Category Archives: Thorne

VM_365 Day 240 Reconstruction of Roman cremation burial at Thorne

Reconstruction of 1st century Roman cremation at Thorne
Reconstruction of 1st century Roman cremation at Thorne

The image for Day 240 of the VM_365 project is of an artists reconstruction of the child’s grave, containing cremated remains and accessory vessels, based on one (Grave 5) excavated on a gas pipeline near Thorne, near Minster in Thanet, which was shown on Day 239. The painting is by Len Jay whose work reconstructing images from the Anglo-Saxon archaeology of Thanet, which he helped to discover, have featured in previous VM_365 posts on Day 216 and Day 217.

The image shows the rectangular pit being prepared to receive the pot containing the cremation, with the accessory vessels already in place. The grave has been excavated with a wooden shovel, strengthened by an iron blade added to the tip. On the left of the pit there is a heap of chalk from the geology that has been exposed below a thin covering of soil.   Human bones are present in the chalk, reflecting the many thousands of years that the landscape was used to create funerary monuments and the fact that successive generations often disturbed the remains of those that came before them, accidentally or deliberately.

On the left of the group of figures  surrounding the grave, a child is about to add a plate of food to accompany the vessels. Organic remains like food are something which we can not now detect through archaeology except in the rarest of circumstances, but the vessels imply that such perishable things were placed with the remains. The girl is comforted by a boy to her right and a dog howls into the air.

The burial of the cremated remains takes place on the crest of the ridge which forms the backbone of Thanet’s chalk landscape,  in the top right a sailing vessel is shown in the Wantsum channel  which is overlooked by the ridge. In the top right small figures tend a flock of sheep on the crest of the ridge. The prevailing wind that swept the open downland ridge, blowing the hair of the group to the left is still notable in the present day.

A cremation burial is simply the gathered ashes of a burnt body, that was arranged with vessels and other objects according to prevailing beliefs and sealed below a covering of soil, forming a lasting memorial to the person buried. The burning of a body is taking place in the background of this image on the crest of the ridge, using the wind to accelerate the wood fuelled fire so it could reach the temperatures that were necessary to reduce the body to ashes.

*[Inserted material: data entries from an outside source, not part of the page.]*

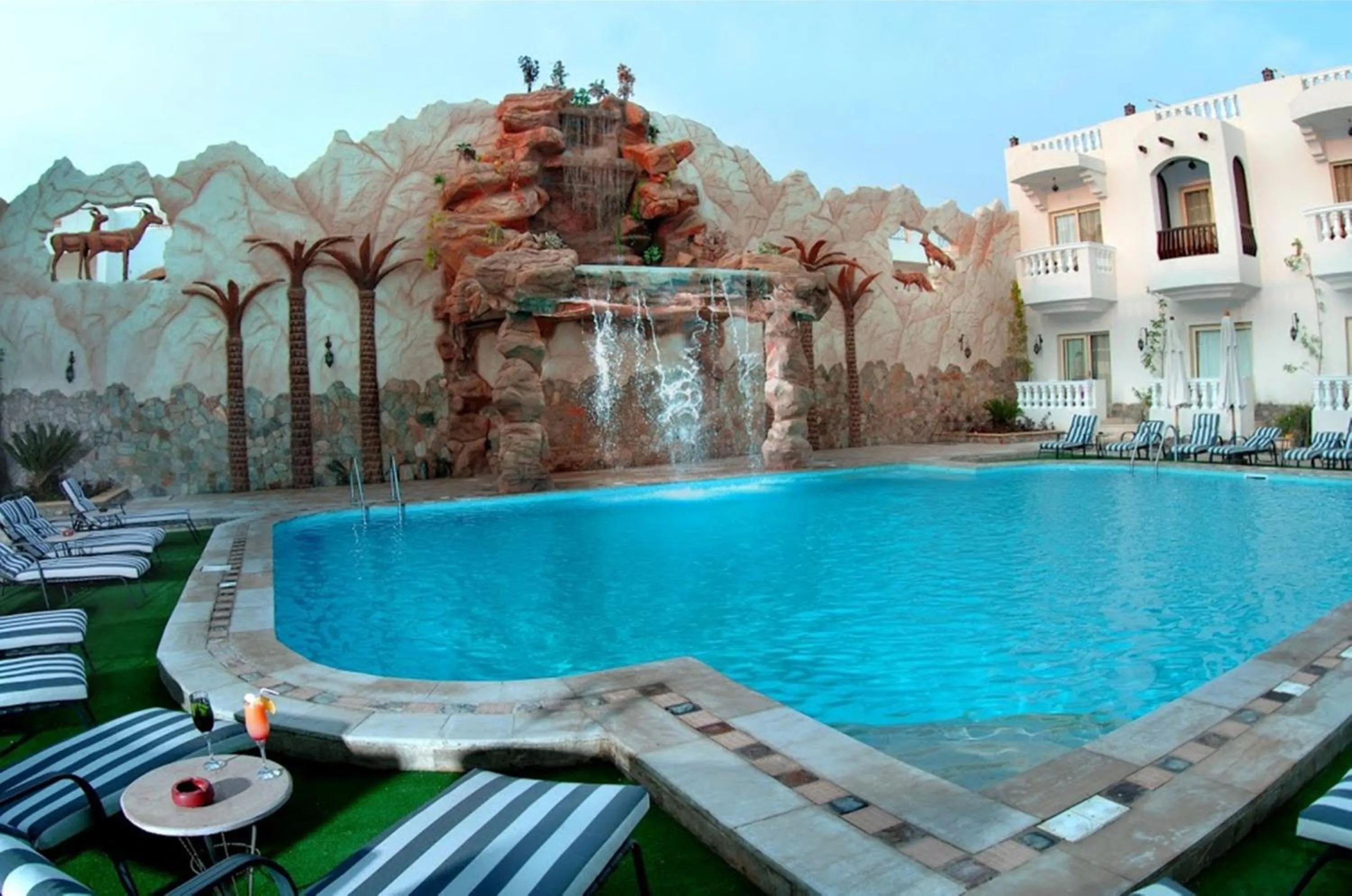 Swimming pool in Oriental Rivoli Hotel & Spa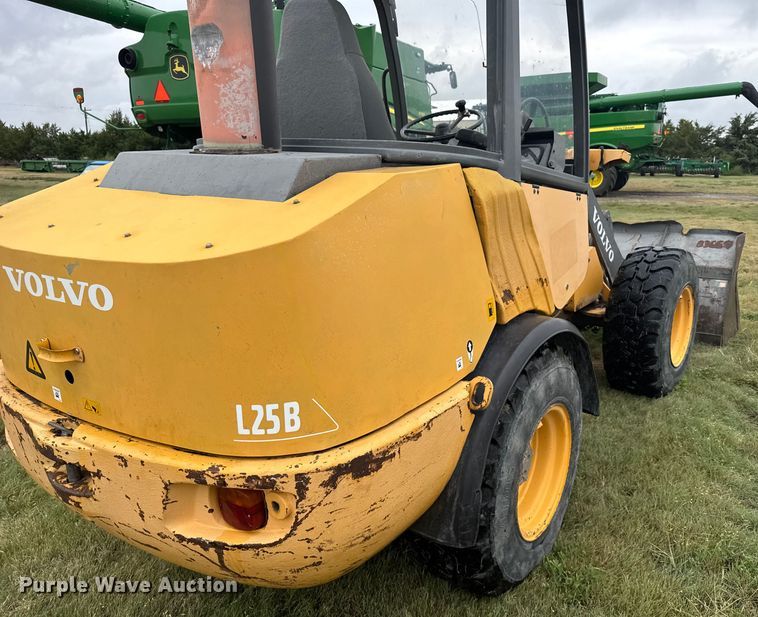 image for item ER2356 2006 Volvo L25B-P wheel loader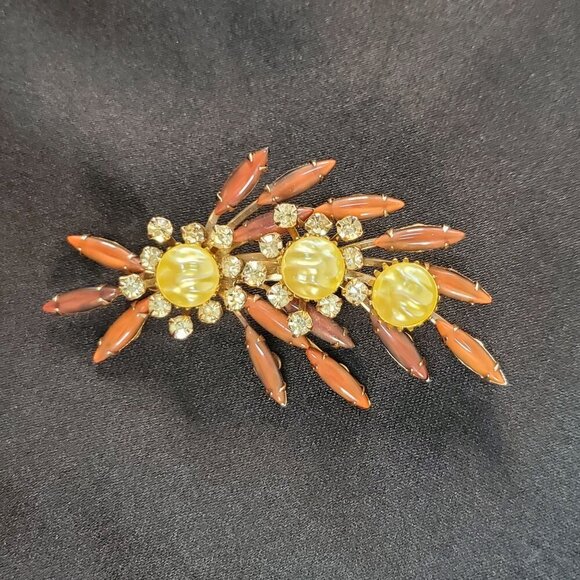 Vintage CATHE Brooch Riveted Dark Coral rhinestones Faux Pearls Leaf & Flowers - Picture 3 of 12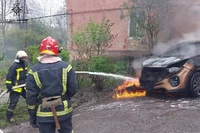 Кам’янські рятувальники двічі ліквідували пожежі в автомобілях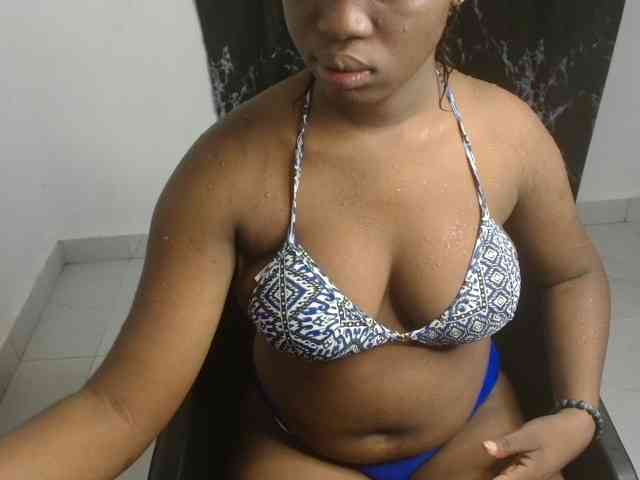 Creamy-blueberry webcam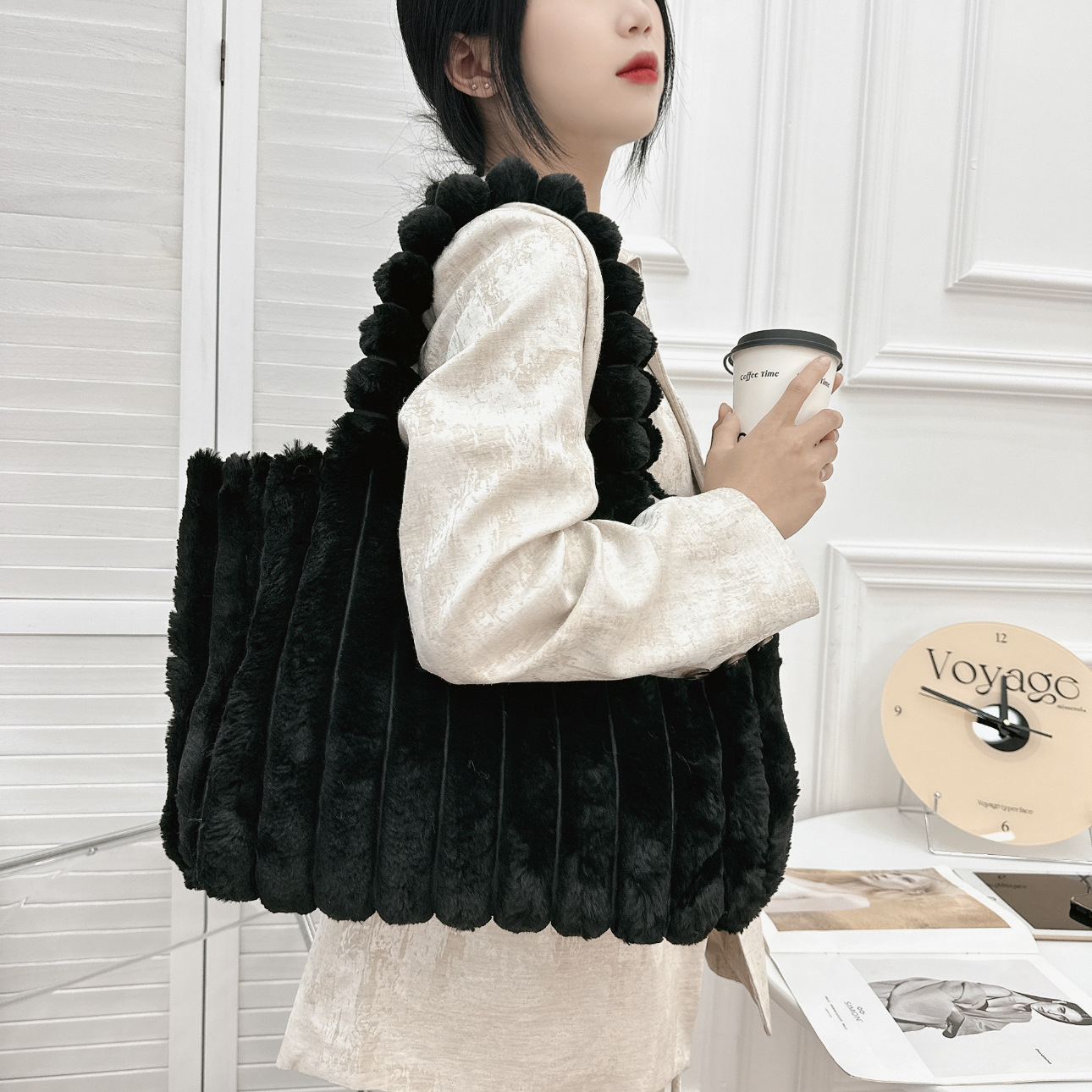 Women's Large Autumn&winter Plush Solid Color Basic Square Magnetic Buckle Shoulder Bag Tote Bag display picture 4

The landscape in this picture is recognisable to anyone who knows Thanet well, although it has changed considerably in recent years. However the details of the scene may reflect accurate archaeological data, it is still evocative of a distant time and of the human stories behind the objects that we recover as archaeological artefacts.

VM_365 Day 239 Grave 5, Thorne Roman cemetery

VM 239The image for Day 239 of the VM_365 project shows Grave 5 from the Thorne Roman cemetery. This cremation burial, dating to the first century AD, was excavated along the Monkton Gas Pipeline route between 1983-4.

Four pottery vessels were deposited in the grave and include a large urn, which contained the cremated remains of a child under the age of 12 years old, and three smaller accessory vessels; a small urn, a dish and a flagon.

The urn containing the cremation was a large jar in native grog tempered pottery with rough tooled chevron decoration on the shoulders. The ring necked flagon, in a pink buff sandy fabric, was made in the Canterbury district and had a three ribbed strap handle. The small beaker and dish were both made of smooth grey ware similar to Upchurch Ware but probably made locally on the banks of the Wantsum Channel.

A cremation burial in a globular amphora from the smae cemetery has previously featured on Day 236 of the VM_365 project.


Perkins, D. R. J. 1985. The Monkton Gas Pipeline. Archaeologia Cantiana CII, 43-69.

VM_365 Day 236 Roman cemetery site, Thorne, near Cliffsend

VM 326

This archive image for Day  236 of the VM_365 project shows a Roman cremation burial under excavation on the Monkton Gas Pipeline in 1983.  A small  cemetery of nine graves including inhumations and cremations was found near Thorne Farm during the installation of the gas pipeline.

The image above shows Grave 6, a cremation contained in a large globular amphora (Dressel type 20). The upper edges of the vessel, including the handles and the rim, were missing; lost through plough damage or stripping the soil for the pipeline.  An adult and a young child were represented by the cremated bones. The bones of small rodents and amphibians , frogs or toads, were found in a soil deposit above the cremated bone.   These creatures had presumably been trapped in the hollow void above the cremation deposit in the vessel after its burial.

The location of cremation and inhumation cemeteries of Roman date can be seen on our map of Roman Thanet shown on Day 61.